Per semplicità, e vista la definizione dell’ obiettivo prioritario di inflazione, la migliore approssimazione per la BCE è quella che fissa il peso dell’output gap a zero. Adottando questa metrica possiamo valutare la condotta della politica monetaria della BCE e paragonarla al "paradigma di Taylor". La figura qui sotto illustra il confronto. La retta continua indica, per ogni livello di inflazione osservato dal 1999 a oggi, dove la regola di Taylor prescriverebbe di fissare i tassi (2). La nuvola di punti indica invece dove la BCE ha effettivamente fissato i tassi dall’inizio del proprio mandato. Appare subito chiaro un punto centrale. La BCE è stata quasi sempre più espansiva rispetto a quanto indicato da una buona regola di condotta della politica monetaria, fissando i tassi mediamente al di sotto di quanto prescritto dalla regola di Taylor.

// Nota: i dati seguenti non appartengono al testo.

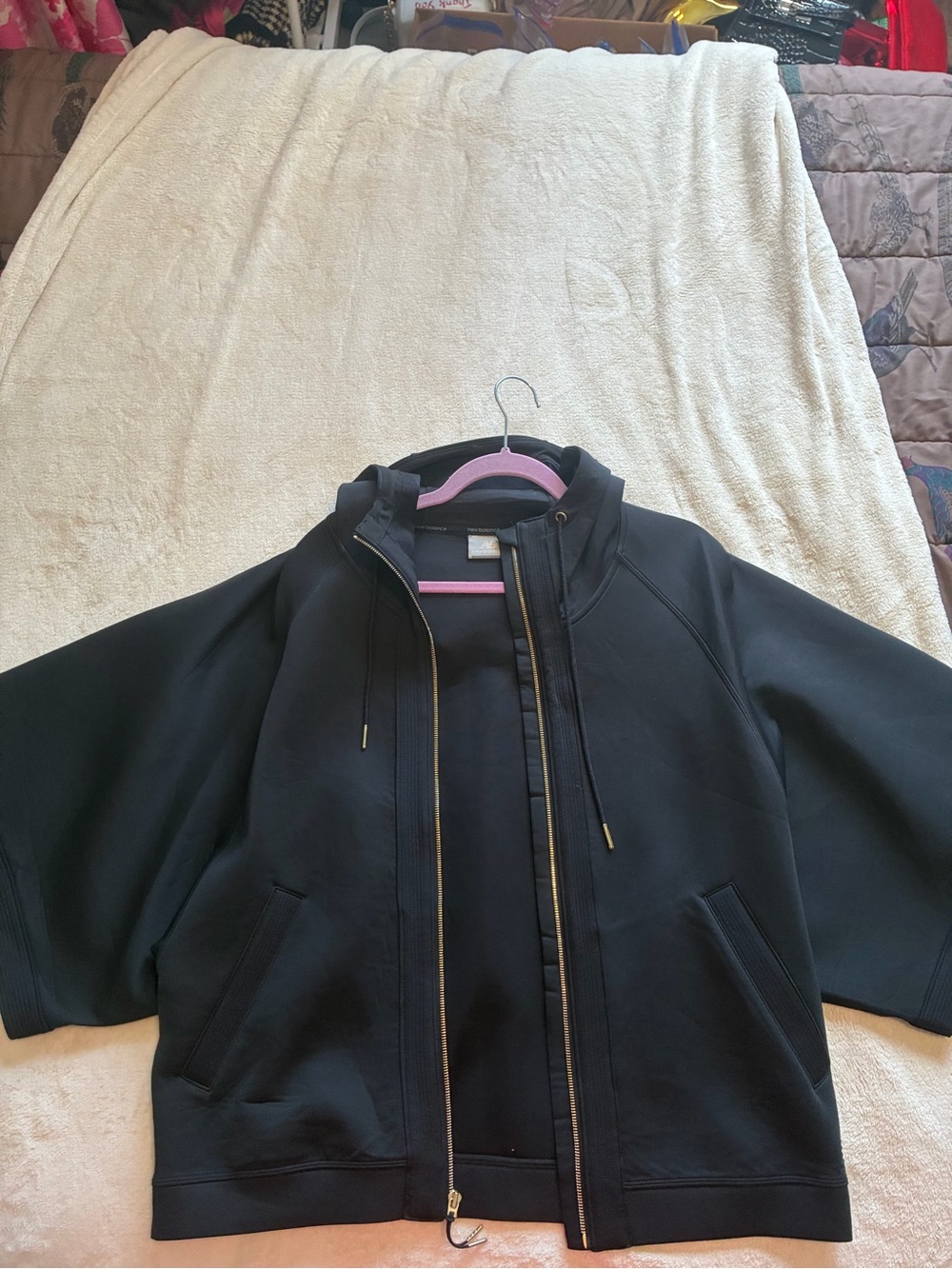 New Balance Navy Hooded Zip-Up Jacket - Women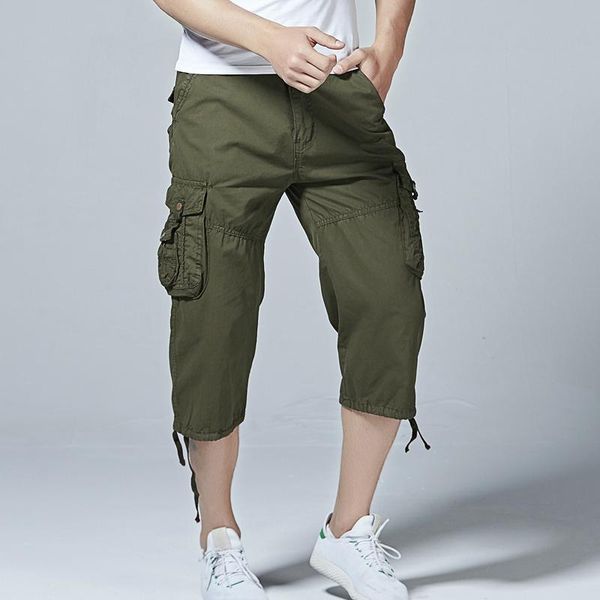 men's shorts man summer solid baggy multi-pocket casual cargo fashion male loose military style bermuda homme plus size 40, White;black
men's shorts man summer solid baggy multi-pocket casual cargo fashion male loose military style bermuda homme plus size 40, White;black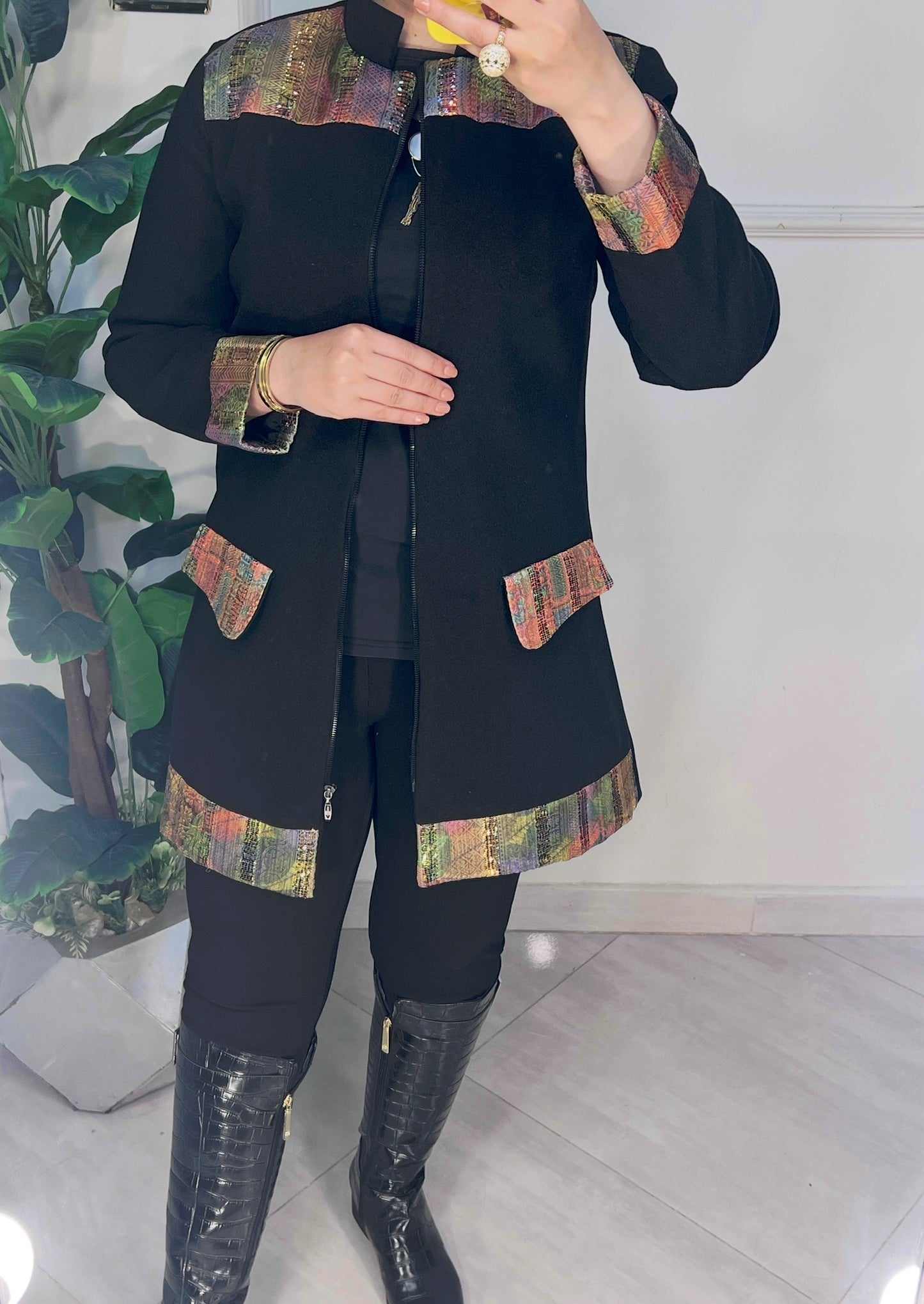 جاكيت صوف مبطن ستان مطعم باليكار هندي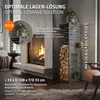 Półka na drewno kominkowe ML-Design, do użytku wewnątrz i Podgląd zdjęcia produktu 6
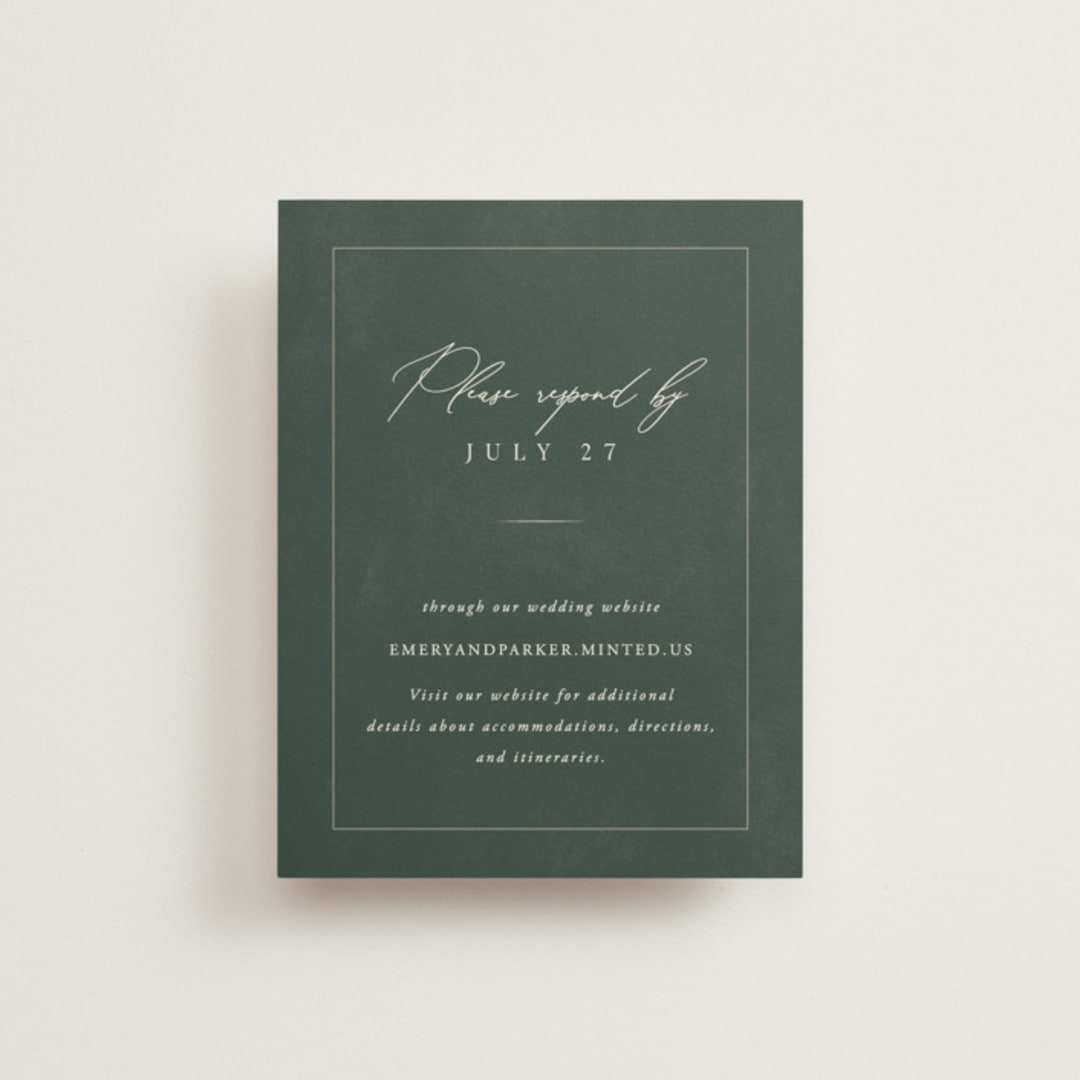 "Lakefront" - RSVP Online Enclosure Cards in Natural by Robert and Stella - Front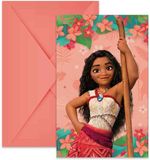 Vaiana Disney - Vaiana - Moana - Uitnodigingen - Uitnodigingskaarten - Met envelop - 6 Stuks
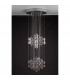 Pavo Cluster Pendant Ceiling Light Chrome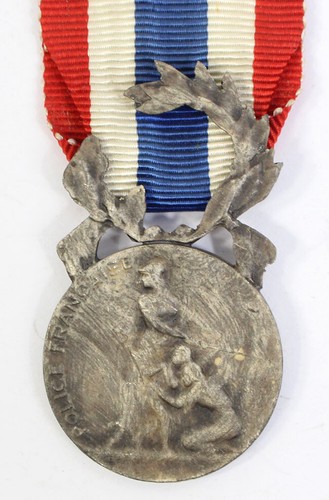 Police française médaille - police,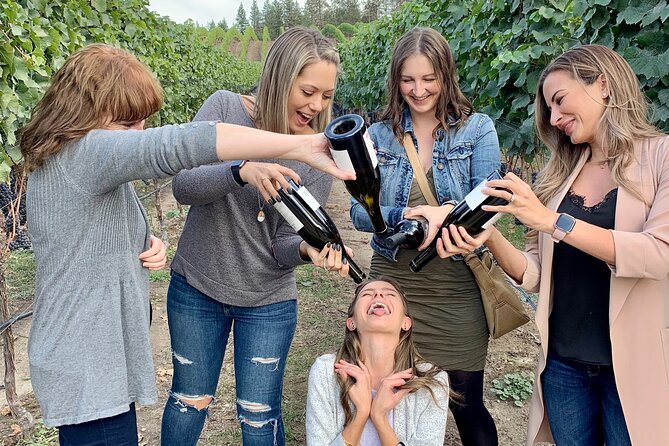 Wine Tour Experience In Lake Country 5 Wineries - Intrigue Wines finishes with an easygoing patio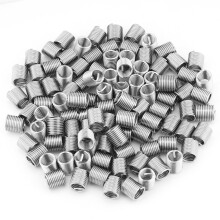 100Pcs M8X1.25X2D Stainless Steel Coiled Wire Insert Set Helical Threaded Insert Wire Screw Sleeve Threads Repair Tools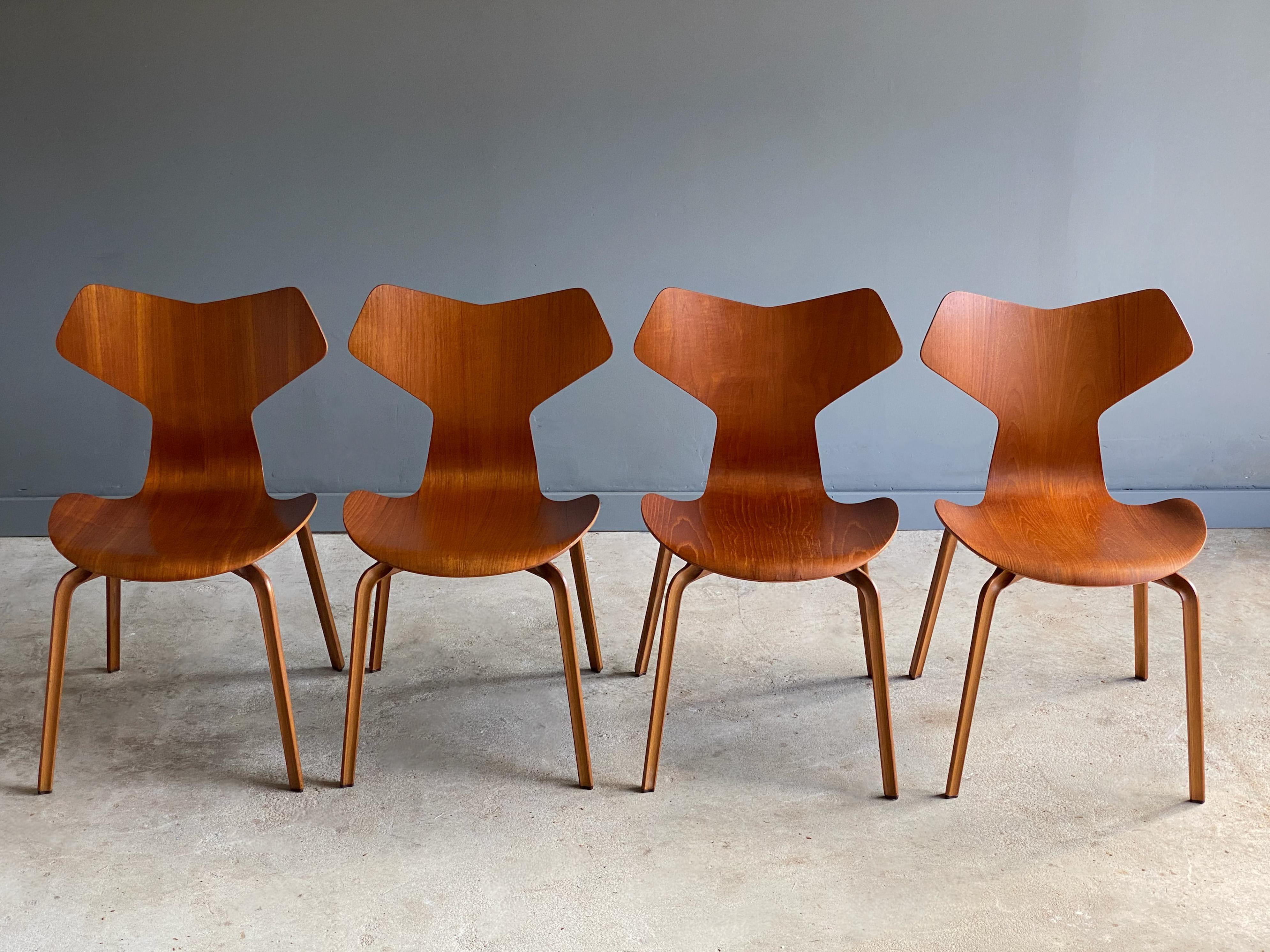 Mid-Century Modern Danish Modern Arne Jacobsen “Grand Prix” Chairs Mid Century
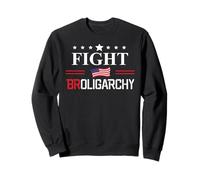 Fight Oligarchy Resist Fascism No Kings Anti Fascism Protest Sweatshirt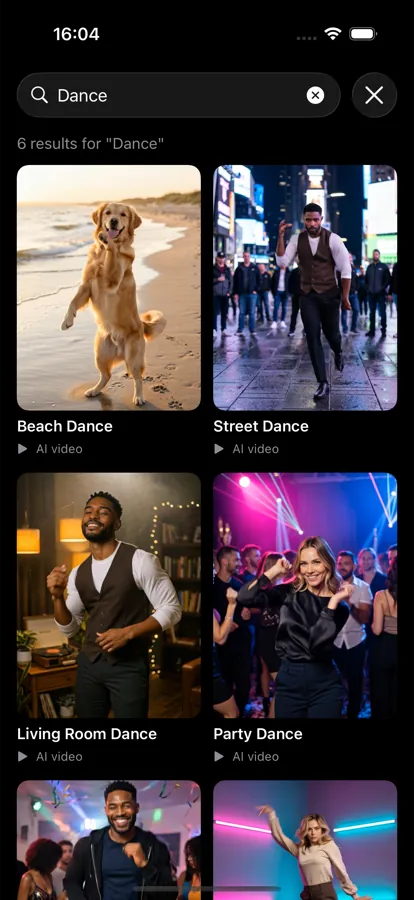 Motionly dance trend search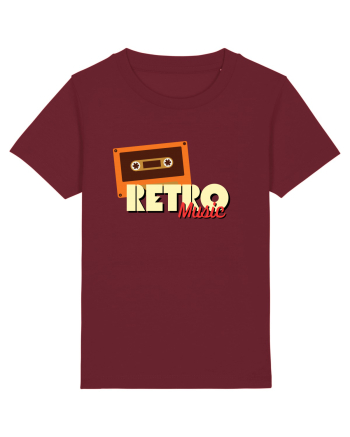 Retro Music Burgundy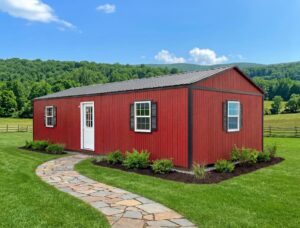 Classic Horse Barn Gated Stalls thumbnail 3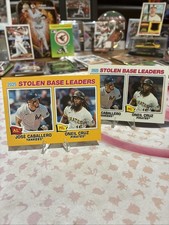 2026 Topps Heritage - 2025 Stolen Base Leaders Caballero Cruz Yellow Border #4
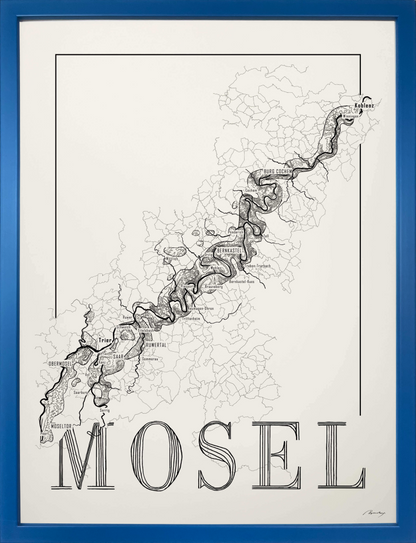 Mosel wine map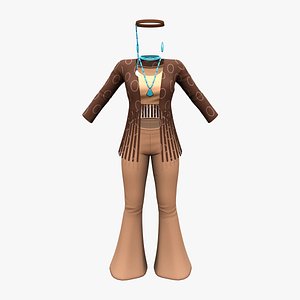 1970s Retro Full Outfit Top Outwear model
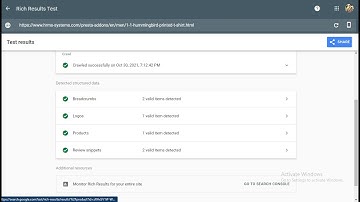Prestashop schema testing in online google tools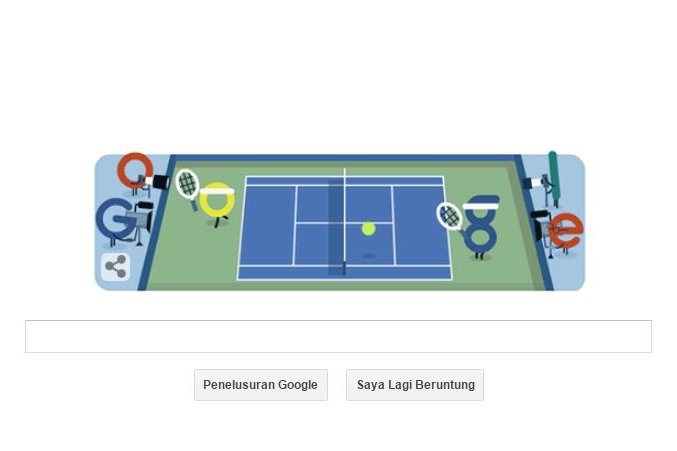 Google Doodle Rayakan Awal Kejuaraan Tenis Terbuka AS 2015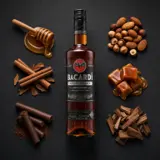 Bacardi Carta Negra 70cl bottle — Aroma-Visualisierung aus Community-Verkostungen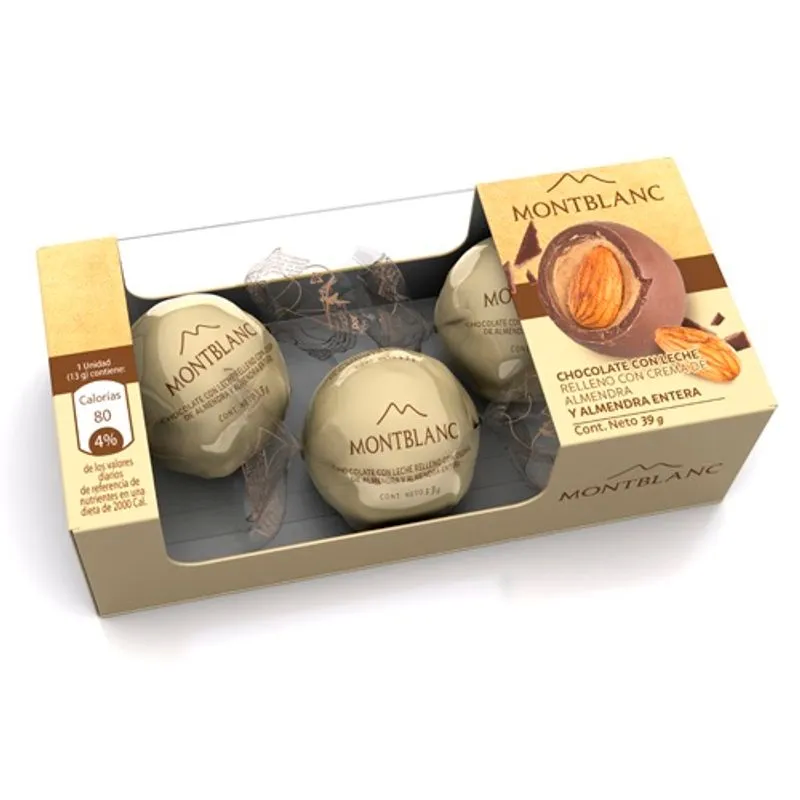 Chocolatina Montblanc Almendra 13 Gr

Questo contraddice la visione comune che indica nell’eccesso di rigore della BCE una delle cause principali della stagnazione europea. Se di qualcosa la BCE ha peccato, forse, è stato di "lassismo". Lo conferma il fatto che in questi anni il conseguimento dell’ obiettivo di inflazione (per quanto opaco nella sua formulazione: "al di sotto ma vicino al due per cento") è stato più una eccezione che una regola.

 

L’andamento dei tassi di interesse

 

Data questa evidenza, non solo andrebbero smorzati i toni sull’eccesso di rigidità della BCE, ma probabilmente rivedute le aspettative di un abbassamento dei tassi in Eurolandia. Se i tassi di interesse sono destinati a variare, quindi, lo faranno verso l’alto. Non solo per la dinamica al rialzo che si osserva negli USA e in generale nel mondo (dovuta al graduale contrarsi dell’offerta di risparmio proveniente dall’area asiatica, in particolare dalla Cina). La stagnazione europea sembra in particolare guidata da un rallentamento della produttività. Poiché, come indicato all’inizio, questa è la determinante centrale del livello potenziale del prodotto, è presumibile che l’output gap di Eurolandia (come ricordato, la differenza tra prodotto effettivo e potenziale) stia subendo pressioni al rialzo. Come tali, queste sono pressioni inflazionistiche. Accomodarle con una discesa dei tassi oggi significherebbe, probabilmente, una pericolosa ripresa inflazionistica che richiederebbe rapide e indesiderate strette monetarie future.

 

(1) Si veda http://www.stanford.edu/~johntayl/
(2) Questa retta di Taylor è ottenuta assumendo un livello del tasso di interesse naturale (o di equilibrio) del 2.5%, la media dei tassi reali in Germania dal 1960 a oggi.